I ghiacciai perdono massa attraverso diversi processi. L’ablazione frontale, che include anche il formarsi dell’iceberg, si riferisce al meccanismo mediante il quale il ghiaccio viene perso dai ghiacciai nell’oceano. Si tratta di un processo indipendente dallo scioglimento superficiale. Ricerche precedenti hanno calcolato solo alcuni tipi di ablazione frontale nell’emisfero settentrionale.

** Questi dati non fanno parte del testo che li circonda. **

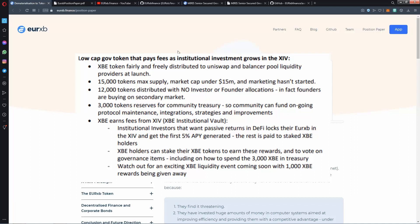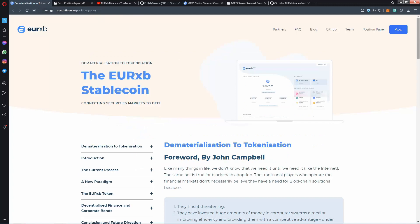Integrations, strategies, and improvements. XP earns fees from XIV. XP is institutional vault. Institutional investors that want passive returns in DeFi lock their AirXP in the XIV and get the first 5% chance. LP generated, the rest is paid to staked XP holders. XP holders can stake their XP tokens to earn these rewards and to vote on governance items including how to spend 3,000 XP in treasury. Watch out for an exciting XP liquidity event coming soon with 1,000 XP rewards being given away.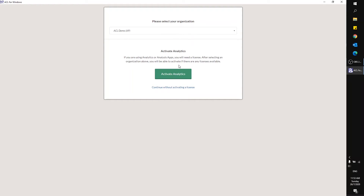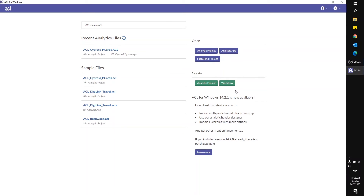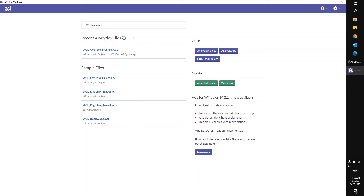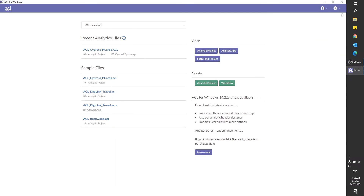And here we have finished all the installation and account activation parts. That's all for today's video — thank you.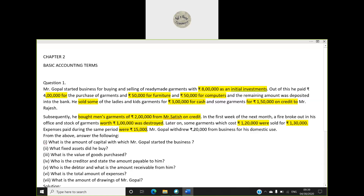Mr. Gupal withdrew twenty thousand from the business for his domestic use — that is drawings. Now, before giving the answer, students should speak their name first, like 'Ma'am, Disha here, answer is this' or 'Ma'am, Raghav here, answer is this,' so the teacher knows who is answering. Question number one: what is the amount of capital with which Mr. Gupal started the business?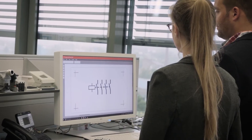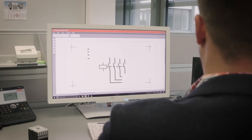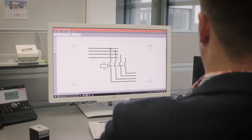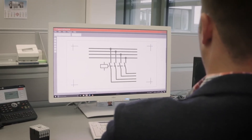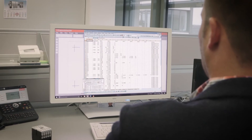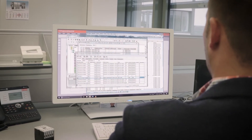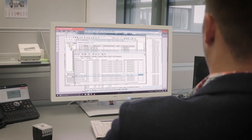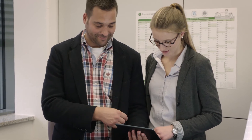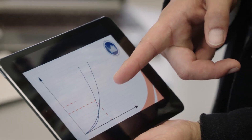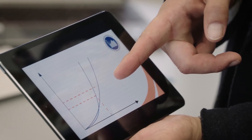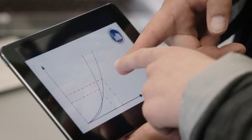This standard gives planners access to all the relevant data, allowing them to use their CAE system to automatically create circuit diagrams, parts lists, wiring lists and assembly diagrams. Consequently, it is possible to simulate, for example, a power dissipation calculation.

Per valutare il ruolo dell’ablazione frontale dal 2000 al 2020, William Kochtitzky e colleghi hanno identificato circa 1.500 ghiacciai terminali marini nell’emisfero settentrionale. Sono tutti separati dalla calotta glaciale della Groenlandia. I ricercatori hanno combinato misurazioni o stime dello spessore del ghiaccio, della velocità superficiale e dei cambiamenti nella sua posizione finale. Hanno così scoperto che l’ablazione frontale può essere il maggiore contributo alla perdita di massa in alcune regioni.

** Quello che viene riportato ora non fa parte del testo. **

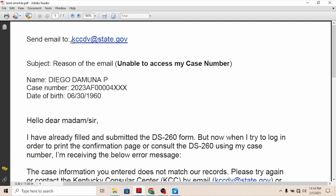The email address you have to use is this one: kccdv8@state.gov. That's the email address you have to use to send your concern or to ask your question — the one I just highlighted. And then obviously on the subject line you can put the reason why you are writing.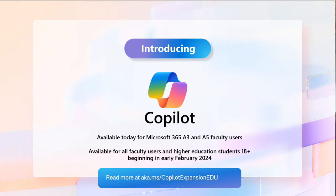Good morning everyone. Welcome. I can see a number of people in the chat. Good morning, good morning. Welcome to this webinar on AI.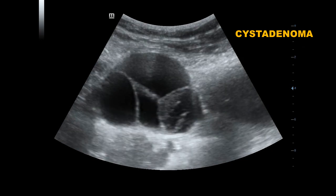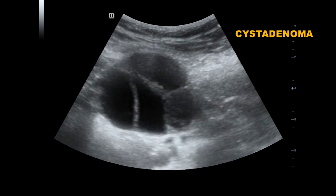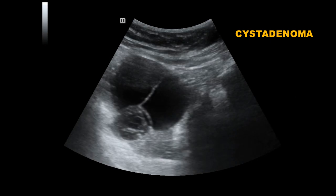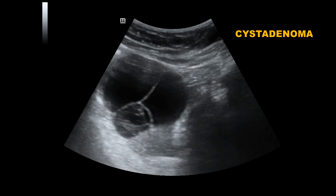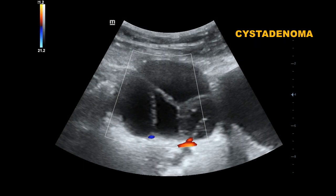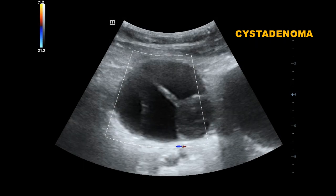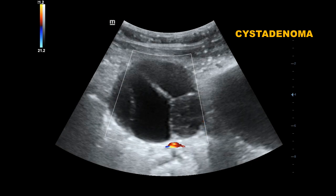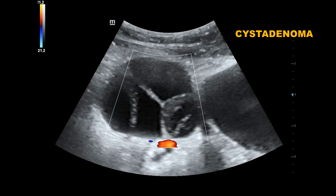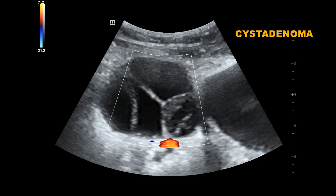This is a multilocular cystic mass, with the possibility of a cystadenoma containing multiple thin septations. There are no papillary projections or solid material within the cyst.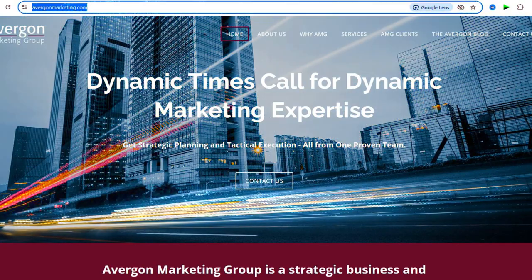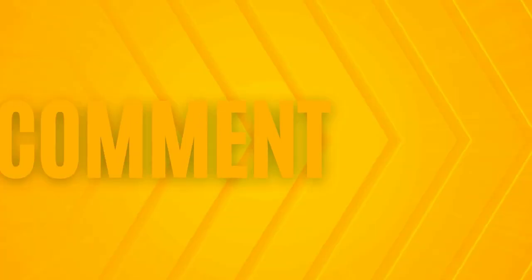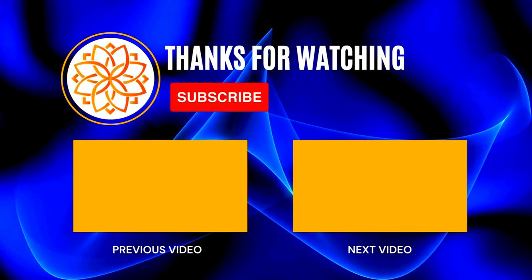If anyone wants to learn more or get in touch, the best way to reach Seth is at his website, avergonmarketing.com — A-V-E-R-G-O-N — avergonmarketing.com, or on LinkedIn. He is the only Seth Avergon on LinkedIn.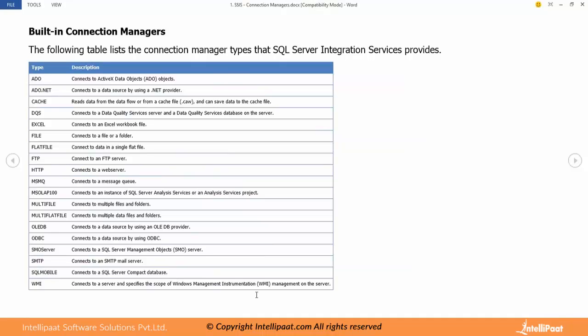Flat files are mostly comma separated or tab separated, precisely delimited separated files. Those are the flat files. To read or write we use flat file connection manager.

Gli autori suggeriscono che la scarica di ghiaccio dal 2000 al 2020 è stata l’equivalente di circa 2,10 mm di innalzamento del livello del mare. Dal 2010 al 2020 l’ablazione frontale ha contribuito con circa 52 gigatonnellate di ghiaccio agli oceani. Hanno anche valutato quali aree sono interessate da questo processo, identificando potenziali punti caldi e impatti sull’ecosistema marino. Tra le aree costiere più colpite ci sono l‘Artico russo, le Svalbard e l’Alaska.